Essas meninas ainda não têm o corpo preparado para ter filhos e isso pode contribuir para a prematuridade e o baixo peso ao nascer dos seus filhos. Por isso a gravidez na adolescência é considerada de alto risco. Outro dado que a pesquisa apontou é que essas adolescentes demoram mais para procurar a assistência pré-natal, e isso pode ser devido ao medo de contar a família ou ao pai do bebê sobre a gravidez. Diante desse quadro, a SMS criou em algumas maternidades o atendimento pré-natal específico para adolescentes, com grupos de gestantes da mesma idade e uma forma diferenciada de atendimento.


Outro fato importante que a pesquisa chama a atenção é sobre a necessidade de expandir os programas de contracepção para prevenção de aborto.
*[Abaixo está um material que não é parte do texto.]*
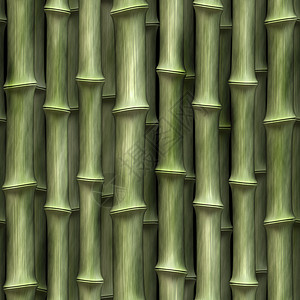 竹竹背景木头花园热带竹子森林背景图片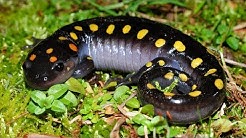 A Solar Salamander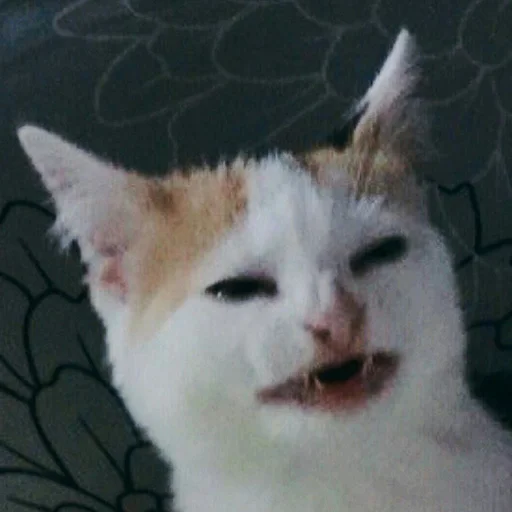 😬 Стикер «hallucat» для Telegram
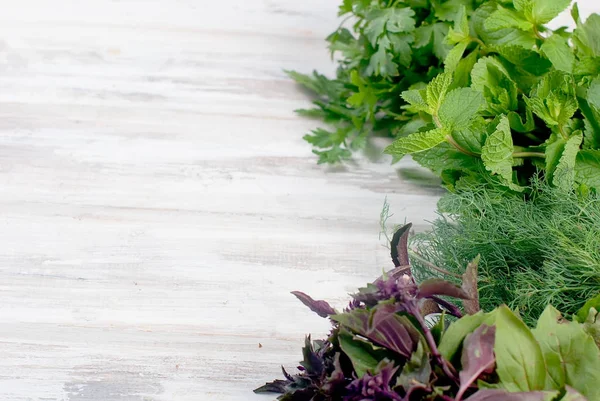 taze baharatlı otlar, dereotu, fesleğen, maydanoz, nane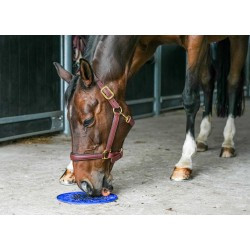 Tapis de léchage LIKIT - Graze Maze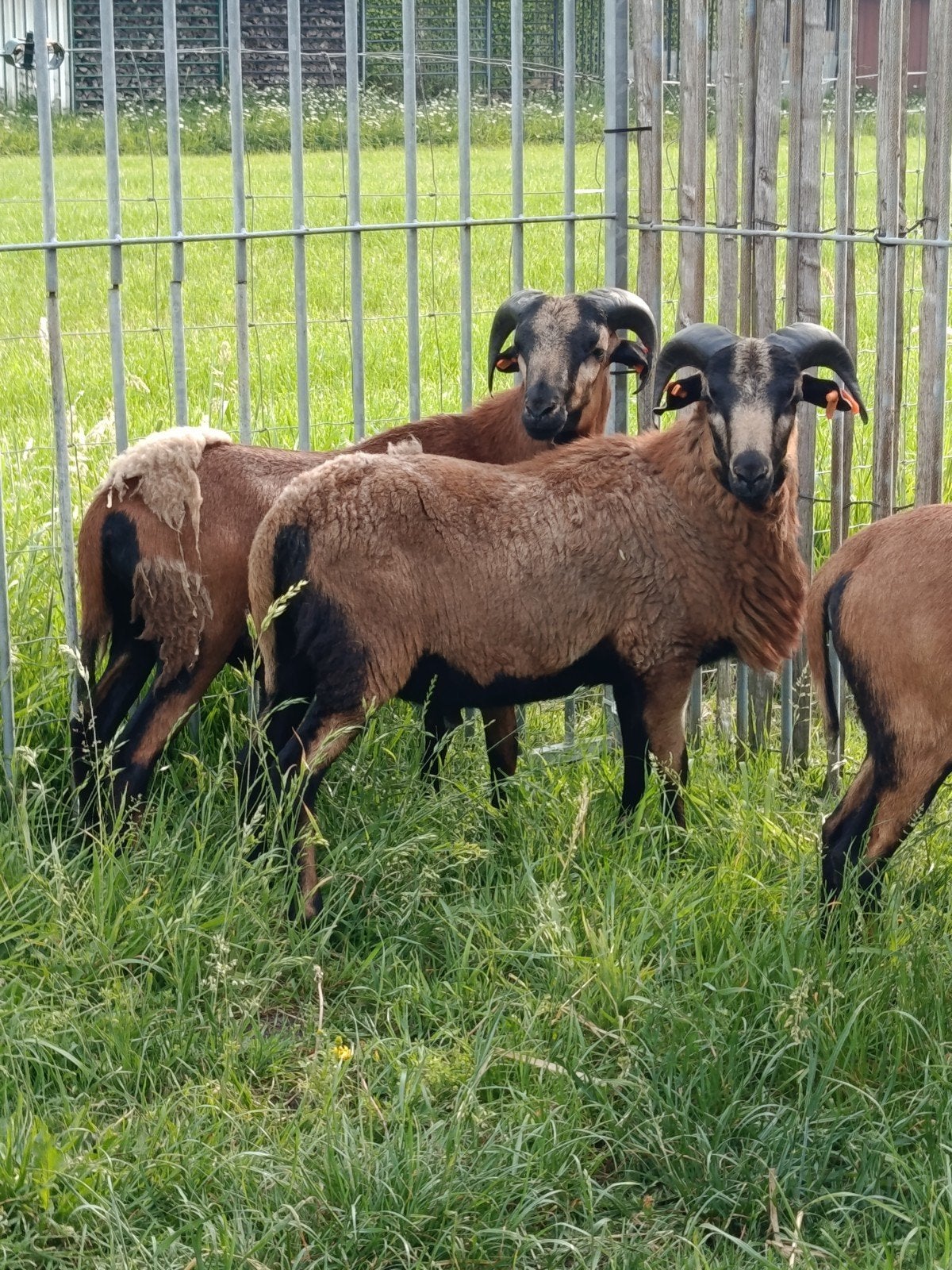 Kameroen ram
Cerca de 5.2% das mulheres que foram entrevistadas no momento do parto confessou ter tentado fazer o aborto dessa criança que nasceu e esse valor foi ainda maior no grupo que pertence ao SUS (cerca de 7,4%).


Com relação ao acompanhamento pré-natal dessas gestantes, cerca de 60% das mulheres chegaram a fazer sete ou mais consultas, o que é o ideal para um bom acompanhamento da gestação, sendo que 71% das mulheres começaram o atendimento ainda no primeiro trimestre da gravidez. Entretanto, se considerarmos as duas recomendações juntas, iniciar o pré-natal cedo e fazer seis ou mais consultas, apenas 38,6% do total das mulheres da cidade fez um pré-natal adequado.


A maioria dos partos que ocorrem no Rio são de mulheres que têm filho pela primeira vez (40%). Só que quando analisado os dados das mulheres que têm três ou mais filhos ocorre aqui uma inversão de valores. Cerca de 10% das mulheres de mais baixa renda já tiveram três ou mais filhos, contra apenas 4,5% das de classe média. Isso é fruto de um mau planejamento da gravidez. As mulheres das classes mais baixas não planejam engravidar, mas como elas não têm acesso aos sistemas de contracepção, a gravidez ocorre. São elas e as adolescentes quem mais confessaram a tentativa de aborto. Segundo Maria do Carmo, "o município do Rio até tem um bom programa de contracepção, entretanto, não consegue a cobertura adequada para chegar a essa faixa de mulheres".




As doenças na gravidez


Com relação as doenças encontradas durante a gravidez, os números também são preocupantes. Cerca de 10% das gestantes tiveram ou desenvolveram hipertensão arterial durante a gravidez. A Diabetes mellitus foi encontrada em 1,7% das gestantes. Aproximadamente 37% das mulheres tiveram anemia, 19,2% infecção urinária e 1,5% delas referiram sífilis. Todos esses problemas encontradas nessas mulheres aumentam, e muito, o risco de prematuridade ou mesmo de óbito. Necessita-se fornecer um melhor atendimento para elas durante o período da gravidez.


A SMS tem um completo conhecimento dos resultados da pesquisa e atualmente vem fazendo uma investigação sistemática de todos os óbitos perinatais que ocorrem na cidade, identificando assim as causas das mortes e possibilidades de evitá-las. O que se sabe é que os dois principais percussores das mortes são a prematuridade e o baixo peso. Necessita-se promover uma melhor atenção no atendimento pré-natal dessas gestantes, melhorar o contato da atenção básica com a hospitalar, para encaminhamento adequado no momento do parto e a própria qualidade da atenção hospitalar. Se essas questões forem resolvidas, certamente as taxas de mortalidade cairão no município do Rio.


Além de trazer um amplo estudo dos índices de natalidade no município do Rio de Janeiro, abordando as questões sociais e econômica das gestantes, esse número especial do Cadernos de Saúde Pública apresenta ainda um balanço da gravidez na adolescência, contando, para isso, com uma série de 12 artigos.